Both project specific risks information can be gathered from Schedule Risk Analysis simulation result. The "Total Site Installation Duration" is defined as all activity durations from "Field Fabrication and Assembly" until "Commissioning & Start Up". As Monte Carlo simulation, this project specific risk comes up with S-Curve as shown in Figure 11.
From S-Curve above, we can calculate the difference between baseline duration and major percentiles, as shown in Table 6 - yellow highlighted and use Triangular PDF for simulation later, as shown in Figure 12. The same method is applied for 2nd specific risk by using Figure 8, the total project duration.
After assigned correlation factors, we run the Monte Carlo simulation and come up with S-Curve as shown in Figure 13. From this figure, we can see the likelihood of achieving original project completion date (baseline schedule) is only around 15% of confidence level. If we compare this simulation result with simulation result without project specific risks, as shown in Figure 14, we can see there is approximately US$ 1.2 million difference on P50 confidence level. It means that schedule duration uncertainties (specific risks) allocate significant impact to total project cost, with additional contingency 8%.
From the Tornado Diagram, as shown in Figure 15, we can see that schedule duration uncertainties become the main risk driver of total project cost uncertainties, beside several cost components. This condition is concurred with above statement that "schedule slip will contribute in increasing the cost".
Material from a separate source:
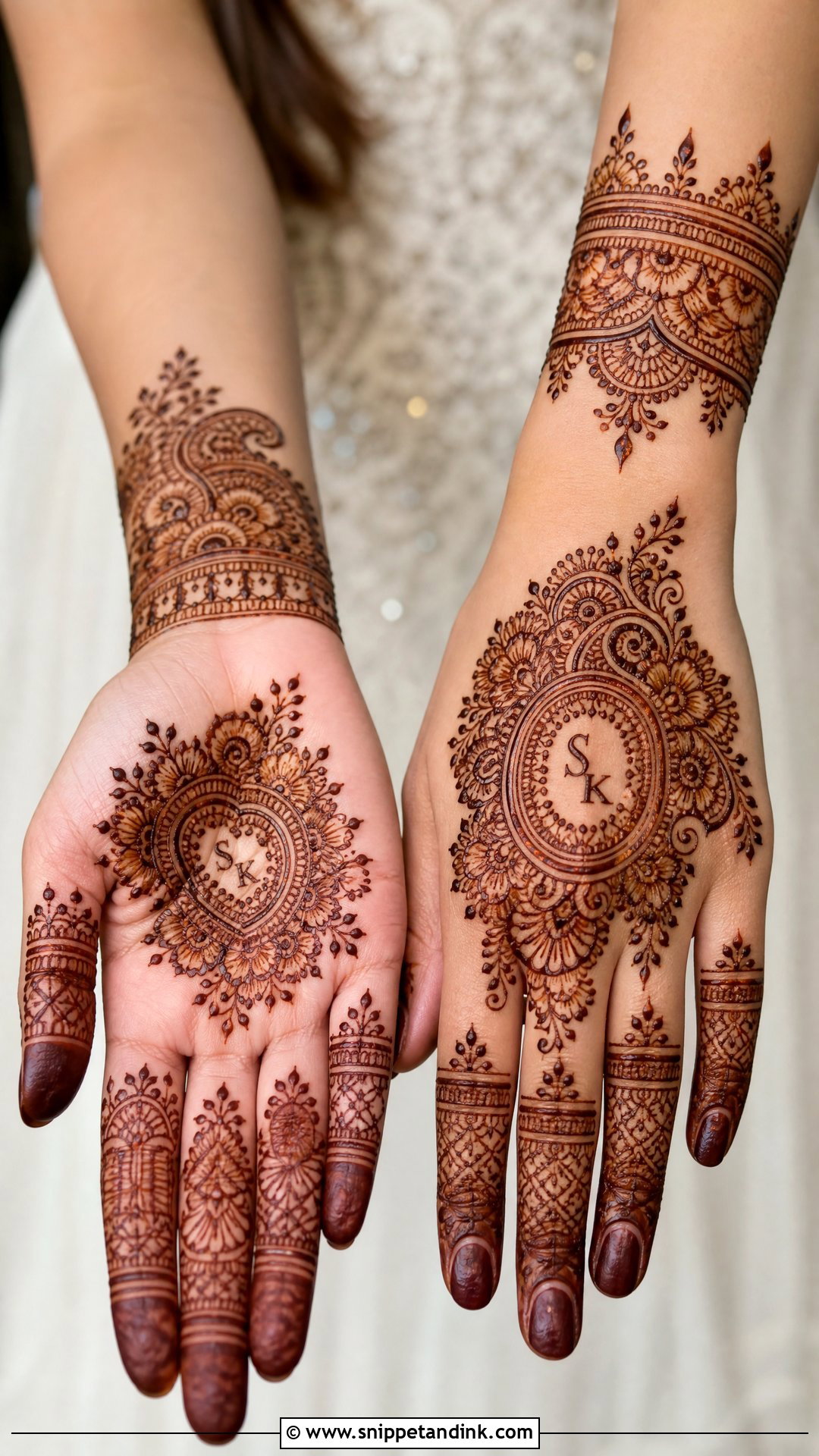 Bridal Mehndi Design With Initials - Snippet and Ink - 20 Mehndi Design for Bridal Ideas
The above simulation results show the implication of the combination between Range Estimating and Expected Value methods in conducting quantitative cost and schedule risk analysis. The combination of both methods will help project team to specify, identify, examine and encompass overall risks and uncertainties aspects which potentially impact to project outcomes and support management decision in determining adequate contingency requirement.
The quality of quantitative risk analysis result depends on workshop participants' knowledge, experiences of similar projects, judgments and any available data and/or benchmarking information. Poor quality analysis leads to inaccurate decision making.
Realizing this condition, the quantitative risk analysis should be conducted periodically to ensure the validity of all risks information and effectiveness of mitigation plan. Effective Risk Management plan will improve the likelihood the project in achieving its goals.